Everything from the first line of the material to the line containing "T.Neuville Graikijos WRC", inclusive, must be given again exactly; no pictures, and nothing past that line.
-*-
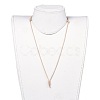 Adjustable Korean Waxed Polyester Cord Necklace Making AJEW-JB00510-02-4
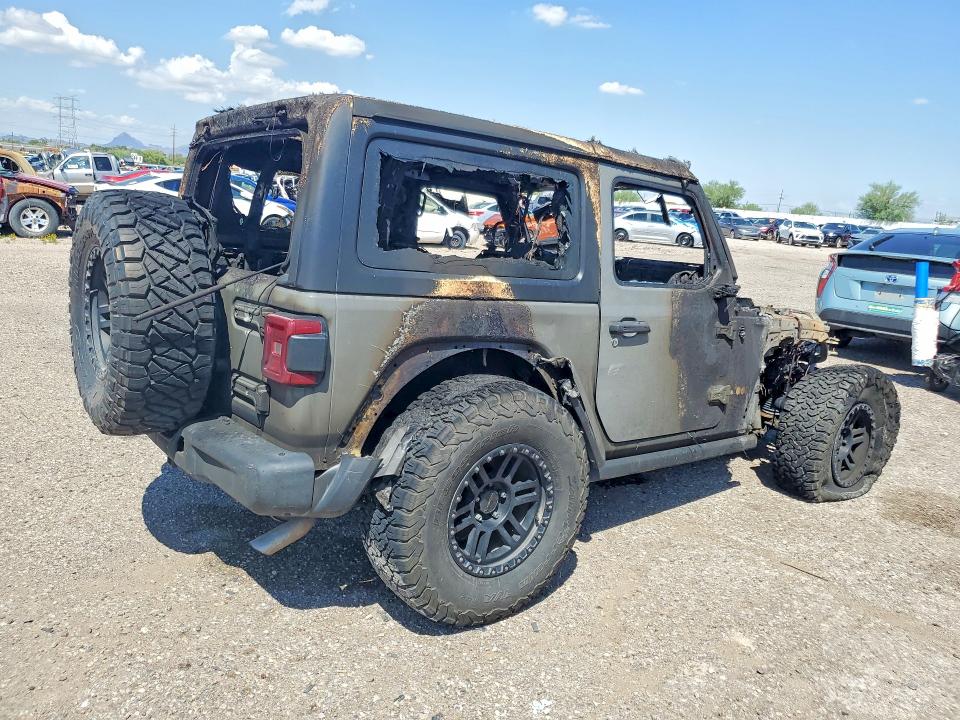 Продажа на аукционе авто 2022 Jeep Wrangler, vin: 1C4HJXCN1NW150929, номер лота: 67488886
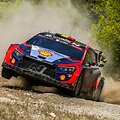 T.Neuville Graikijos WRC ralyje. WRC &bdquo;facebook&ldquo; paskyroje publikuota nuotr.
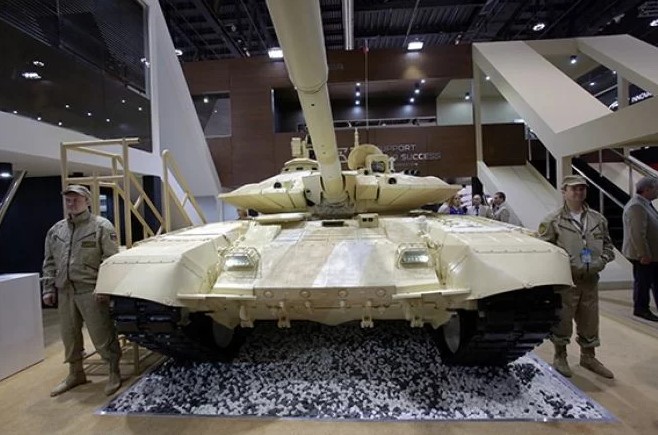 Как российские танки Т-90С "Абрамсы" М1А1/А2 победили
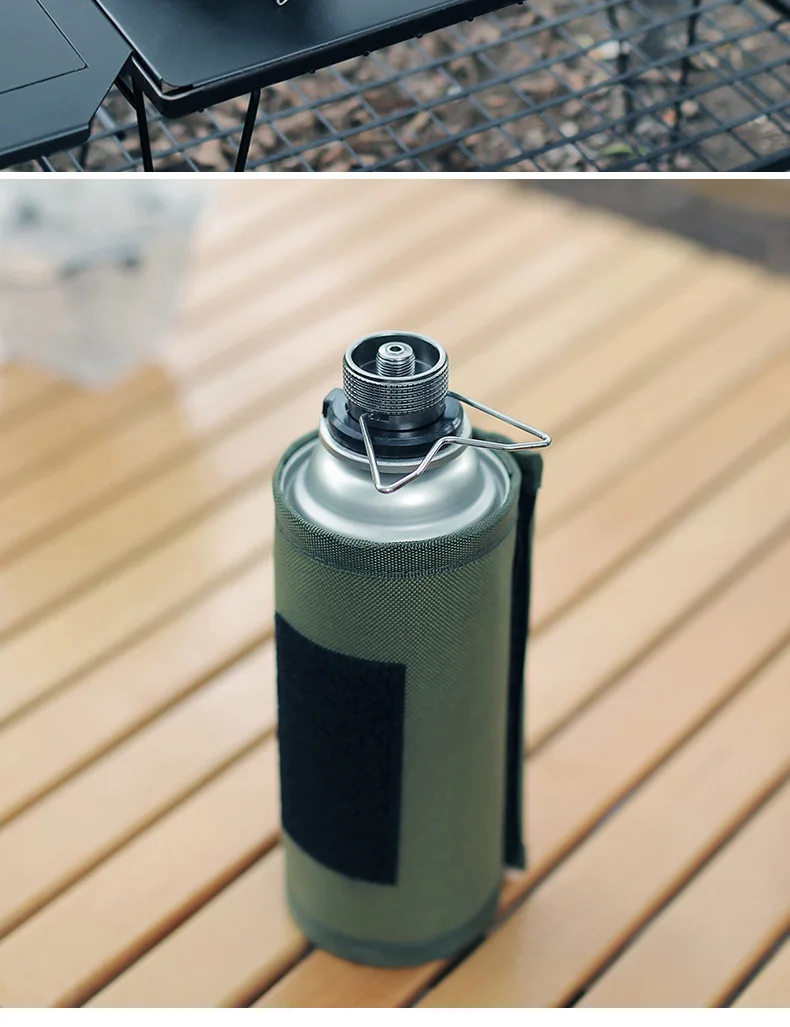 Butan Adapter Mit Halterung Outdoor Butan Gas Umwandlung Joint Camping Herd Adapter Schraube Ventil Ausgang Düse Flasche Adapter – Detail 14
-*-
* [YOUR RESPONSE]
 Adjustable Korean Waxed Polyester Cord Necklace Making AJEW-JB00510-02-4
 Продажа на аукционе авто 2022 Jeep Wrangler, vin: 1C4HJXCN1NW150929, номер лота: 67488886
 T.Neuville Graikijos WRC ralyje. WRC &bdquo;facebook&ldquo; paskyroje publikuota nuotr.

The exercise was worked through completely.